Crisi strisciante? Andrew White, Research Vp Gartner, ricorre alla metafora della clessidra: “Le applicazioni, la miriade di dispositivi e sensori, l’evoluzione del datawarehouse, le tipologie di utenti, l’informazione in streaming sono come granelli di sabbia che cadono e formano un cono stabile, finché un granello, non si può saper quale, determinerà un cambiamento di assetto imprevedibile”. Un problema di qualità del dato potrebbe “infilarsi” in applicazioni business o annidarsi in un collo di bottiglia del sistema. Le conseguenze? “Gli utenti business si lamentano di dati inconsistenti o non reattivi ad azioni correttive; le decisioni non hanno l’efficacia attesa, le performance di business sono impattate, si litiga sulle fonti dei dati”, afferma White. Serve da un lato gestire e valorizzare l’informazione necessaria al business aziendale, dall’altro mitigare il rischio di esposizione indebita. Sul primo fronte occorre una strategia aziendale di Information management che offra sia viste specifiche per linea di business, sia una vista olistica, un Enterprise data management tramite l’adozione di un Master data management (Mdm).
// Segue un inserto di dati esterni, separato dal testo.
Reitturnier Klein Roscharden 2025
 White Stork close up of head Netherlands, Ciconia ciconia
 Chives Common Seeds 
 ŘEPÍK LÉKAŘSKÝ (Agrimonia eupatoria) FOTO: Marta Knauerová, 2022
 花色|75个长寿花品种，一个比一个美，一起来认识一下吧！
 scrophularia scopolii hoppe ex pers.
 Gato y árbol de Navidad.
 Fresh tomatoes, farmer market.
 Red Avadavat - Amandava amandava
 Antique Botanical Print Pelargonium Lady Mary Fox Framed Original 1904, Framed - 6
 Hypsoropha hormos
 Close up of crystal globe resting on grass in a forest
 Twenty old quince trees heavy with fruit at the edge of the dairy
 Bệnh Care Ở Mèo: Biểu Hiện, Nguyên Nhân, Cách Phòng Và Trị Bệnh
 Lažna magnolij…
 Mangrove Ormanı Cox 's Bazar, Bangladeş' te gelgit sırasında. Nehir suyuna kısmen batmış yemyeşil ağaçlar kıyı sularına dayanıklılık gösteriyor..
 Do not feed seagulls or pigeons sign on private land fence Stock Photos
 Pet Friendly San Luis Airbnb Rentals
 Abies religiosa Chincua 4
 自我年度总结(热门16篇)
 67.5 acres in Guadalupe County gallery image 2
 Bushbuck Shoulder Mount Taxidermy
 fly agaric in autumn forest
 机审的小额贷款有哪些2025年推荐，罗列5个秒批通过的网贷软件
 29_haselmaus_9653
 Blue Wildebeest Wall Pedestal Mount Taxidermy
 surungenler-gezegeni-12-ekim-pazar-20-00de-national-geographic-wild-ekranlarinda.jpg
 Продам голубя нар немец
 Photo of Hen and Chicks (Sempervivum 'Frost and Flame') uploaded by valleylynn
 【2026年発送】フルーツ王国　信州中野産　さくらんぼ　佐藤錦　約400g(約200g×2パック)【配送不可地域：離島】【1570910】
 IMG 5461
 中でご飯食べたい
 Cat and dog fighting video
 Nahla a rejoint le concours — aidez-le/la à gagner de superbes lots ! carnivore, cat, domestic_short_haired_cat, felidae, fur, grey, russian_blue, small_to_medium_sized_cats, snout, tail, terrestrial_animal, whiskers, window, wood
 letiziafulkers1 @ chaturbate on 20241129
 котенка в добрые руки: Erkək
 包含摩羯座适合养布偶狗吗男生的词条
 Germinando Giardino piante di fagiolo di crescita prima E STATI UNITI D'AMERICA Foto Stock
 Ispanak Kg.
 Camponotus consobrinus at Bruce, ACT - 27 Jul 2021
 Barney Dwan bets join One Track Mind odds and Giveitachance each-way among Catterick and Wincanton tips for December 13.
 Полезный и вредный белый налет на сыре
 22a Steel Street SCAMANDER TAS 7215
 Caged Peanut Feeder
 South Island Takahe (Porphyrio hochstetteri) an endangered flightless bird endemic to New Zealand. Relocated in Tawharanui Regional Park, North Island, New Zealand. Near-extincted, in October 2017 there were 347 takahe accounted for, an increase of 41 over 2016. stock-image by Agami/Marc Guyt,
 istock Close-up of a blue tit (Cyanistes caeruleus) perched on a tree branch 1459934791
Strategia dell'informazione: agire su tre leve
L’informazione diventa un asset. Ubiquo. “Il professionista di InfoManagement – specifica White – ha davanti a sè un compito non solo innovativo, ma trasformativo: estrarre valore dal patrimonio di informazione, a partire dall’Internet of Thing o dall’effetto della digitalizzazione del business. Il c-level si aspetta un ritorno, e che venga alzato il tiro da una strategia di ‘mantenimento’ a una di ‘management’ e di (attivo) sfruttamento dell’informazione”.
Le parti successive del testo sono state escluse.